I agree with everything you say. They were poor at least in part because my father could not hold on to the money he earned, and their ambitions were bigger than their earnings, and I think that made them feel they had been deprived of a “good life.” Most of their friends were more affluent and comfortable. My mother threw around the word “failure” a lot, and I think my father felt like a failure – even my brother felt “poor” and driven to be more successful than his father. I think that is one of the reasons Jack’s wartime experience was so good for him. In the Navy, he was a successful leader, and he knew it, and it provided a real lift to his spirits. I agree with you that the real tragedy is that they didn’t recognize what a good life they had.

Do you think they ever wondered whether their precipitous marriage was partly to blame for what they perceived as their lackluster success?

 

I don’t think they viewed it that way. They certainly were immature and naïve when they married and I think they were regarded that way by their families, which probably didn’t help. They certainly didn’t start out with the whole-hearted support or confidence of the people who loved them. But I think the Depression did for them what it did for a lot of people — it took away some dreams and momentum. Had they both been emotionally stronger, they might have survived that more philosophically. Money fears are very debilitating, though, and I think a whole generation was handicapped by them.

I have to say I wished for photos in Love Crazy. Was it a conscious decision on your part not to include photos, or do you simply not have photos from your parents’ younger years? Were they lost when their house burned down?

 

I looked at other print-on-demand books and felt that photographs did not reproduce well in them. There is a small photo album on my website, though — www.selbyflemingmcphee.com.
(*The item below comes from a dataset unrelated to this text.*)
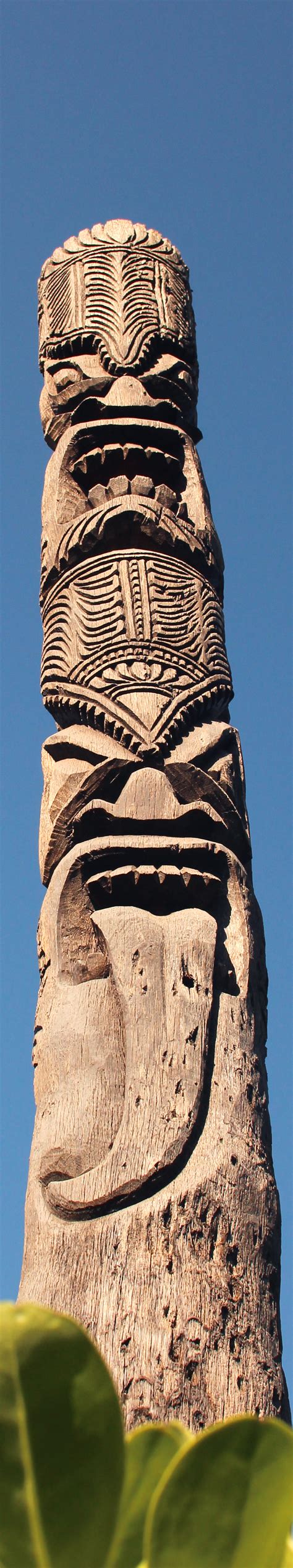 Totem Pole Wikipedia The Free Encyclopedia Totem Pole Tiki Totem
I couldn’t help but feel that you, as in-the-background narrator, have more sympathy for your father as a character than for your mother. His wartime letters to her are particularly poignant. If I could reach back in time, I would have written him an encouraging letter, and yet even I, as a removed reader in 2013, know that no one but Peggy could have given him the encouragement and the recognition that he needed. Yet it seems he never got that. Was part of your motivation in writing this book to finally understand your mother as well as your father’s unwavering love for her? Do you think you gained that understanding? Or is it unachievable, even as we are privy, thanks to your book, to the thoughts expressed in their letters?

 

You are right, I started out with much more sympathy for my father, and I agree, she was the only person whose approval he sought. Everyone loved my father, but hers was the love he wanted. Certainly, I was motivated to understand their relationship better, and I feel that I did gain much more perspective and more empathy for my mother in writing the book. I came to realize that she had a complicated, difficult childhood, and that through their life she had a lot more courage than I might have given her credit for. She did pick herself up, fearful as she was, and find work that she was good at, and run a household on her own during the war, and raise two children who turned out to be pretty healthy adults. So in the end, I got what I needed from the exercise of writing the book. I hope my readers will feel some sense of satisfaction, too.

 

Interviewer Annette Gendler is a nonfiction writer and teaches memoir writing at StoryStudio Chicago.